### SUPPLIED MATERIAL

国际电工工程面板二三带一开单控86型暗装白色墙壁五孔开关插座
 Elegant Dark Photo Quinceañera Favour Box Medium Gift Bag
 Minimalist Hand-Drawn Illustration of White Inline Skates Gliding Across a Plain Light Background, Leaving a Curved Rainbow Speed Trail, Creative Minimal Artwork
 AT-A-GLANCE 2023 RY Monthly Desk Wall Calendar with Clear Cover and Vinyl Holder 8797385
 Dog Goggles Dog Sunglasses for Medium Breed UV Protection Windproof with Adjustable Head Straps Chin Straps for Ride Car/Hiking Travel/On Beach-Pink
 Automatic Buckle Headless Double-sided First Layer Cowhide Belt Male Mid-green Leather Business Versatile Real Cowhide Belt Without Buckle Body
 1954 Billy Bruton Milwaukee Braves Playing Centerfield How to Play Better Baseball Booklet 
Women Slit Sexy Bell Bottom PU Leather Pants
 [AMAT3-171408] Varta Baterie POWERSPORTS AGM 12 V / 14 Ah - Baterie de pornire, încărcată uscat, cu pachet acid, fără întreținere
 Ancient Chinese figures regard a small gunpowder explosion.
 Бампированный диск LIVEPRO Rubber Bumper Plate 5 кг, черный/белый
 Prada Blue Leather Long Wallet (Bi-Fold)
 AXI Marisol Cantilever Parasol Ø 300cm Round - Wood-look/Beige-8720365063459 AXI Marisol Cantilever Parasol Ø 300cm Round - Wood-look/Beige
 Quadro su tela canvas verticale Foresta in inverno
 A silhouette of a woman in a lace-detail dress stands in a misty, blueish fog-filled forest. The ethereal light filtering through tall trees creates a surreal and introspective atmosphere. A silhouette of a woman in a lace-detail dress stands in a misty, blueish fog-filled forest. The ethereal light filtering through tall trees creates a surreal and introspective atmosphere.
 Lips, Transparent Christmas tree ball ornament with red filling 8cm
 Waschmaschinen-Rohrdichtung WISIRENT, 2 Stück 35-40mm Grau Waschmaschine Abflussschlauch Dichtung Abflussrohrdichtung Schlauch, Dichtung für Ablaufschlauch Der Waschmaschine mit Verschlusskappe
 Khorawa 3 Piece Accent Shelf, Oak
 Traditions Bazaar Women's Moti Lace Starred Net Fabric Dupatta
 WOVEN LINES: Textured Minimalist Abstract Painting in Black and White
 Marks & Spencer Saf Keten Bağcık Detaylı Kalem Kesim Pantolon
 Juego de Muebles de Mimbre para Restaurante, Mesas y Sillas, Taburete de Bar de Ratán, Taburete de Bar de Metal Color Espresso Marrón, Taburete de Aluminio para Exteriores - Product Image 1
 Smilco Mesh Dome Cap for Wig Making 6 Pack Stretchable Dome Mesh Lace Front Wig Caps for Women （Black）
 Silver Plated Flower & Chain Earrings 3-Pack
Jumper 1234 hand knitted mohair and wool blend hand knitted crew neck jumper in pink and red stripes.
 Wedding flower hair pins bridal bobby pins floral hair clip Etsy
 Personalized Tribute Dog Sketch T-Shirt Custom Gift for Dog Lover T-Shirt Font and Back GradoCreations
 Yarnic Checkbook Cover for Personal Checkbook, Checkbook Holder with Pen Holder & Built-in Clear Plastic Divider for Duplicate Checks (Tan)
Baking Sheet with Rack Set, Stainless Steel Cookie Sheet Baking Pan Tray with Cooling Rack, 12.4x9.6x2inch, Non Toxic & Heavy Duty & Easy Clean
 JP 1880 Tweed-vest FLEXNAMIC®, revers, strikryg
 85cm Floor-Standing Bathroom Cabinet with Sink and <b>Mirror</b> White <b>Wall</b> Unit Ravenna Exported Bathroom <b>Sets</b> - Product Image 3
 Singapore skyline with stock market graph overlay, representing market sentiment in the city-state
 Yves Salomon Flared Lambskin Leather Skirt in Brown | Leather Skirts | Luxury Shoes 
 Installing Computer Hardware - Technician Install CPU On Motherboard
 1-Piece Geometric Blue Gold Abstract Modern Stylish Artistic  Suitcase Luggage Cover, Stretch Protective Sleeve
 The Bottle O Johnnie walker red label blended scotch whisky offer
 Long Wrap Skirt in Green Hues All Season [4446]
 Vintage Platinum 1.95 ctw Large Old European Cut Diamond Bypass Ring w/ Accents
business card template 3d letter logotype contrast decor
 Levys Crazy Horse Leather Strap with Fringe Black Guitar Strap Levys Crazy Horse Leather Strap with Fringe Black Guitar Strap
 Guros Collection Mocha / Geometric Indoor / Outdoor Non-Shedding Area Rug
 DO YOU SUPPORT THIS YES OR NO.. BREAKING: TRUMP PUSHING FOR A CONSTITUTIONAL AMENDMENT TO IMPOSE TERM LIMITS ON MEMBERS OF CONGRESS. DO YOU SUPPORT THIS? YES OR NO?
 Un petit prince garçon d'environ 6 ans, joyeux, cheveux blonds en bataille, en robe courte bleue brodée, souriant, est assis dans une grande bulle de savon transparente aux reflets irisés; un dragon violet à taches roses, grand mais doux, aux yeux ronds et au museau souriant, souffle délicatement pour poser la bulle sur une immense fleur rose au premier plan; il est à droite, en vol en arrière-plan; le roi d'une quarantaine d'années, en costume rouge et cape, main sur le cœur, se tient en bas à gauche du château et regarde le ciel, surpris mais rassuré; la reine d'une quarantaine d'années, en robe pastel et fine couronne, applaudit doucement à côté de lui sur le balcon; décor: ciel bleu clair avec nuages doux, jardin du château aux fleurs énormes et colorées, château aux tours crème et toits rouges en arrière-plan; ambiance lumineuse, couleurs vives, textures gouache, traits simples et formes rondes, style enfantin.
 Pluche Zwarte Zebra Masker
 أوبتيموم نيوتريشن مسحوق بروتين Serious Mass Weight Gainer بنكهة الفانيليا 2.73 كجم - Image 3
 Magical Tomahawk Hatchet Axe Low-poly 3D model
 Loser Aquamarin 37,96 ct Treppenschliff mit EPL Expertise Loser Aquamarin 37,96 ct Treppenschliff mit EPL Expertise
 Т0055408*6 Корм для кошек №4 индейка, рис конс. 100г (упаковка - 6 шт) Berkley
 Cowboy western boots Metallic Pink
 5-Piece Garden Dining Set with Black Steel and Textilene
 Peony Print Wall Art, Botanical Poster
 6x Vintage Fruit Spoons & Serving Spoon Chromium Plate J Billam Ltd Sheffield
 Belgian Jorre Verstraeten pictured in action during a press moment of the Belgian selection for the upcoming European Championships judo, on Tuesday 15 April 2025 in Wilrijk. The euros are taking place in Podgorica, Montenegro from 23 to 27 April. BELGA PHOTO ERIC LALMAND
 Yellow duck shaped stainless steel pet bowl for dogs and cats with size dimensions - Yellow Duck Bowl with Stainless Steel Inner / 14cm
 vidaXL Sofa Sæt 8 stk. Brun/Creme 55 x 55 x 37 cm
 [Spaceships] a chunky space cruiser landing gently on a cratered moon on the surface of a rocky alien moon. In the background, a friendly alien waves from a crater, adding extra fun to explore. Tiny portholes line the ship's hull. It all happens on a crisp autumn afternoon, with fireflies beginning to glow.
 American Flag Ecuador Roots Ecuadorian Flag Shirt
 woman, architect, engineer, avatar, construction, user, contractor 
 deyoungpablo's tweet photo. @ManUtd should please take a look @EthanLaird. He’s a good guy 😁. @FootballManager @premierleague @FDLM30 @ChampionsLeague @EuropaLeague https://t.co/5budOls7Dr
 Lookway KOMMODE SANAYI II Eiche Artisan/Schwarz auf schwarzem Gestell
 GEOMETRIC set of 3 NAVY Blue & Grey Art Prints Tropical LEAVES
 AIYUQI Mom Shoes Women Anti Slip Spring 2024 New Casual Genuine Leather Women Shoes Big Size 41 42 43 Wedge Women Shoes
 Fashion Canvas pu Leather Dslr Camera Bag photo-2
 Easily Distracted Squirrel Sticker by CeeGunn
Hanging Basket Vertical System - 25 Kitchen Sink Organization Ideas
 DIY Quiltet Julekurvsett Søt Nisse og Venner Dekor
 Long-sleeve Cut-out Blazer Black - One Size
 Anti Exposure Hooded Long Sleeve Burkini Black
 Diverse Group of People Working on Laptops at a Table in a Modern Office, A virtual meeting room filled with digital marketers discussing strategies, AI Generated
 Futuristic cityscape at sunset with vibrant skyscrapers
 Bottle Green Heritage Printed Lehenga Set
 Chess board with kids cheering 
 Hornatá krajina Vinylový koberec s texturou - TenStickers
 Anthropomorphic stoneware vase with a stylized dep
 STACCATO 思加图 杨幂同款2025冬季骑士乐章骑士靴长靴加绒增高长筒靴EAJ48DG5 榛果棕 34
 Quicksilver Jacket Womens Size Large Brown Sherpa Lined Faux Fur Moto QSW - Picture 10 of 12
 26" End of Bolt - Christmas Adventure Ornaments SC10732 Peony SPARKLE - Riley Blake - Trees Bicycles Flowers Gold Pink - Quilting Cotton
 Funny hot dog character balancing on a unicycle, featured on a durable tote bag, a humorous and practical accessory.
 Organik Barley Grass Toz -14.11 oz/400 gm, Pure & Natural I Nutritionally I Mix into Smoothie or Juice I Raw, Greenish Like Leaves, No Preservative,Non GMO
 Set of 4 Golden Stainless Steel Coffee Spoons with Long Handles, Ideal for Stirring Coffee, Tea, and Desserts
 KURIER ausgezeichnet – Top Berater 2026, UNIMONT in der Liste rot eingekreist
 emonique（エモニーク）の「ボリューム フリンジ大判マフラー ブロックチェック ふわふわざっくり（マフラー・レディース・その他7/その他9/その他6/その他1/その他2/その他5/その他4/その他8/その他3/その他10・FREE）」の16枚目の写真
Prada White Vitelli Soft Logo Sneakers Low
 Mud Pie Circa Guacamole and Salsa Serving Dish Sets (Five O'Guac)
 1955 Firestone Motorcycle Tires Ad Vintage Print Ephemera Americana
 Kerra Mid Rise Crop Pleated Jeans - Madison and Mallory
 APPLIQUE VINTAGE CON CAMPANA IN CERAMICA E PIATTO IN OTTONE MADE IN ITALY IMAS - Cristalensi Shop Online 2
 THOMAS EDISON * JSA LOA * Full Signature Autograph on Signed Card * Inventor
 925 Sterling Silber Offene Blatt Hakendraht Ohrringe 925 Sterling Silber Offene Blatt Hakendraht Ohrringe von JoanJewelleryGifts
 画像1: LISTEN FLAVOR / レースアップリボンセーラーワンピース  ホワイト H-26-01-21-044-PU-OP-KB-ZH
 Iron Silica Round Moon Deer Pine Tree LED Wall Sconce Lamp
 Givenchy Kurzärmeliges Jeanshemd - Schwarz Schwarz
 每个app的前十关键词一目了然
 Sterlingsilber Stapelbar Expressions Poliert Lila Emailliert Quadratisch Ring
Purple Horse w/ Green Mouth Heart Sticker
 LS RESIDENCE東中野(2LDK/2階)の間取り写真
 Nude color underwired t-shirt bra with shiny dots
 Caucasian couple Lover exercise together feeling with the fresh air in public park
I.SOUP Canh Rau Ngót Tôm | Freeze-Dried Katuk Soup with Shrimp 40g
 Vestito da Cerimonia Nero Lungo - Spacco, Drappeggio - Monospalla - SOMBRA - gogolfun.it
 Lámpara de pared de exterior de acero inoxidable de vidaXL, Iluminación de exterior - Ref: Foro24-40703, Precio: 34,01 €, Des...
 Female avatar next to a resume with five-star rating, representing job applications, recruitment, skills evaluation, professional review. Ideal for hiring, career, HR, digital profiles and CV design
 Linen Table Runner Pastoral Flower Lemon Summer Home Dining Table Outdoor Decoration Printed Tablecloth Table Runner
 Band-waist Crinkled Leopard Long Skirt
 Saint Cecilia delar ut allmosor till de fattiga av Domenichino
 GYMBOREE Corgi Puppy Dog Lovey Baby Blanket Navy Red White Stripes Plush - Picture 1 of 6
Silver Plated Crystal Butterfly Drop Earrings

######

• **WHAT THE EXERCISE ASKS**: Whenever a line in the records above contains the string "from", copy that line.

• **ANSWER SECTION**:
 Belgian Jorre Verstraeten pictured in action during a press moment of the Belgian selection for the upcoming European Championships judo, on Tuesday 15 April 2025 in Wilrijk. The euros are taking place in Podgorica, Montenegro from 23 to 27 April. BELGA PHOTO ERIC LALMAND
 [Spaceships] a chunky space cruiser landing gently on a cratered moon on the surface of a rocky alien moon. In the background, a friendly alien waves from a crater, adding extra fun to explore. Tiny portholes line the ship's hull. It all happens on a crisp autumn afternoon, with fireflies beginning to glow.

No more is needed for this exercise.